They all give answers and then fight about them with fake Irish old man accents. Well, the old man part isn’t fake but I’m pretty sure the Irish is fabricated.

I’d like today to be like that, without the fighting and without the accents. List your favorite book at the moment you read this post. This doesn’t mean it’s the best book ever written or even in the top one thousand, scientifically. Just type something that strikes you as great.

Rules:
-No books of scripture can be listed. I’m sure you’re all very spiritual and read all kinds of the Talmud but I don’t want all of the answers to be the same.
-No children’s books this week. We’ll do that next month or some time when I feel like it.
-You can only list ONE, not one per genre, not one for each hand, not one for every college degree you are currently pursuing, ONE – PERIOD.

I choose Pilgrim at Tinker Creek by Annie Dillard. It’s a Pulitzer Prize winner for Non-Fiction, typically found in the Nature or Essay section of your friendly neighborhood bookstore.

Speaking of bookstores, am I the only person who gets this ache inside whenever they see prime retail space available for lease and wishes they could open a successful independent bookstore that wouldn’t be crushed immediately by the Evil Duo? Ahhhh, dreams.

I opened the book and found this random excerpt to share with you:

Catch it if you can. The present is an invisible electron; its lightning path traced faintly on a blackened screen is fleet, and fleeing, and gone.

That I ended this experience prematurely for myself — that I drew scales over my eyes between me and the mountain and gloved my hand between me and the puppy — is not the only point. After all, it would have ended anyway. I’ve never seen a sunset or felt a wind that didn’t. The levitating saints came down at last, and their two feet bore real weight.

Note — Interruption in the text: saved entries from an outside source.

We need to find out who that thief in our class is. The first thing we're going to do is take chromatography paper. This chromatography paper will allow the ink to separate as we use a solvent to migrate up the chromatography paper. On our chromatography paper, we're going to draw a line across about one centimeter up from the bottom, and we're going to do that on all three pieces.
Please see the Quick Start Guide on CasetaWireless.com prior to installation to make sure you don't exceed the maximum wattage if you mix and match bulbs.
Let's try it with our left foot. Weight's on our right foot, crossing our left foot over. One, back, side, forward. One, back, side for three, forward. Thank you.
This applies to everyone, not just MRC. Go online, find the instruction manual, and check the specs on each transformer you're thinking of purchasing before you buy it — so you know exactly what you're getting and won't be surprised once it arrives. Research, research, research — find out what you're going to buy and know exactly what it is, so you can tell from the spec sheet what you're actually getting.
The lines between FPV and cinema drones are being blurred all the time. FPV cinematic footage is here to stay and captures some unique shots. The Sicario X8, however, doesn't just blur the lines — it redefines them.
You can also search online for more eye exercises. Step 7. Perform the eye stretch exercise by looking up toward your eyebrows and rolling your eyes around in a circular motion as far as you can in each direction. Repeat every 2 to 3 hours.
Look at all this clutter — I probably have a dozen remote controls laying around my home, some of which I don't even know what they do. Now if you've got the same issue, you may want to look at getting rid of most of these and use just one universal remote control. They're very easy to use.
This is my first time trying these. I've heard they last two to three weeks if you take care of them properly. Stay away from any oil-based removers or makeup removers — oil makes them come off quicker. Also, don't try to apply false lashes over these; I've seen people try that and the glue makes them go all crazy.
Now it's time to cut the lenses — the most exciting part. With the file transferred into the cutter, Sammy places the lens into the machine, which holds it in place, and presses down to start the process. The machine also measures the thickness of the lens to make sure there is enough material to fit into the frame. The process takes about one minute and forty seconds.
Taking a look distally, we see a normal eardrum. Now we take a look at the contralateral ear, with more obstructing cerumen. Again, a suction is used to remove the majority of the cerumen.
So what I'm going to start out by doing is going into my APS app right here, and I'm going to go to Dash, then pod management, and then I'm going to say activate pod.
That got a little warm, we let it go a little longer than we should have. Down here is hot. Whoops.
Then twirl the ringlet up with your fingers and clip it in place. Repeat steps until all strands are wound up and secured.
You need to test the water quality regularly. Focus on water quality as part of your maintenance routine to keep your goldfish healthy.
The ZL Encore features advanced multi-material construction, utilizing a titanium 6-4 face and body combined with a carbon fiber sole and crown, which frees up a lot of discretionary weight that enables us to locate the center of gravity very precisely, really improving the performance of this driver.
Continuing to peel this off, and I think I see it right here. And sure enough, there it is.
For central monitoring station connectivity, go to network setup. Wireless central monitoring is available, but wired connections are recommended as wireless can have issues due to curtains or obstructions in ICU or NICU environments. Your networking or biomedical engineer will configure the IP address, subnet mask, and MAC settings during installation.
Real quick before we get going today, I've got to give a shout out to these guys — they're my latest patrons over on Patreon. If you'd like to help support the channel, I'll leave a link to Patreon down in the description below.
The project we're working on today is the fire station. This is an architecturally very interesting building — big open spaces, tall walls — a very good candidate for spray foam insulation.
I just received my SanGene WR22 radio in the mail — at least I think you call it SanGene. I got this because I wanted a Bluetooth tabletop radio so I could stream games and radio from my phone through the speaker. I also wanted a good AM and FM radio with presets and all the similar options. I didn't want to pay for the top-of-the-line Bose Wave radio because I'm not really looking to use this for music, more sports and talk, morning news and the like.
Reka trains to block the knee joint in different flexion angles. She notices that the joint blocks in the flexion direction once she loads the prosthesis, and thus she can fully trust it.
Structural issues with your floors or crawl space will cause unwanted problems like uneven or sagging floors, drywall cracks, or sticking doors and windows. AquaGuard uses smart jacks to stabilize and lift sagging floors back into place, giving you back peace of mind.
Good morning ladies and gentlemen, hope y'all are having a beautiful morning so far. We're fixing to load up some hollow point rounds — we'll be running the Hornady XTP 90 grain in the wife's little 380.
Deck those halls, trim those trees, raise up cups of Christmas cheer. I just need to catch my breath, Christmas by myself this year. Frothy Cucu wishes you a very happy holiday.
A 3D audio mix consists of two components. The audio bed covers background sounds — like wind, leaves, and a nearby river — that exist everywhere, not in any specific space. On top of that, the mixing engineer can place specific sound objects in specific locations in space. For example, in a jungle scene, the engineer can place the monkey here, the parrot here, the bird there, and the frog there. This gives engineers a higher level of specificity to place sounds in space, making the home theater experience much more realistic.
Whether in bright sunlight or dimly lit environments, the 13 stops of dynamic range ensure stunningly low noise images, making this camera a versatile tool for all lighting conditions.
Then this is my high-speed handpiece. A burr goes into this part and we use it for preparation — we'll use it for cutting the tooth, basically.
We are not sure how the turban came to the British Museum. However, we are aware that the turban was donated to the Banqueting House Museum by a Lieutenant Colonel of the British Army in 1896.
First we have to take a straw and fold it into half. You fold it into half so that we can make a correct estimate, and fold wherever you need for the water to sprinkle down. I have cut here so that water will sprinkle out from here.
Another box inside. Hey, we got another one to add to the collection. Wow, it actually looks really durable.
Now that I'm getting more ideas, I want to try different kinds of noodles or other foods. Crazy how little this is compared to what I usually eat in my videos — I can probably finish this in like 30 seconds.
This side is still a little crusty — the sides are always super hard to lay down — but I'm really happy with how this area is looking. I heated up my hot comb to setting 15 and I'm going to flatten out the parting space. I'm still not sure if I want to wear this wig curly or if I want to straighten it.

No, the point is that not only does time fly and do we die, but that in these reckless conditions we live at all, and are vouchsafed, for the duration of certain inexplicable moments, to know it.

You can open to any page and find that she weaves her descriptions of the world around her with profound insight. Ah, to write with the power of Annie Dillard, to live for one day having a mind so alive and vivid. Sometimes I feel that she sees more in one sunset than I could see in a thousand hours of plodding along through my daily grind.

Now, let the games begin. Favorite book at this moment, alive or dead?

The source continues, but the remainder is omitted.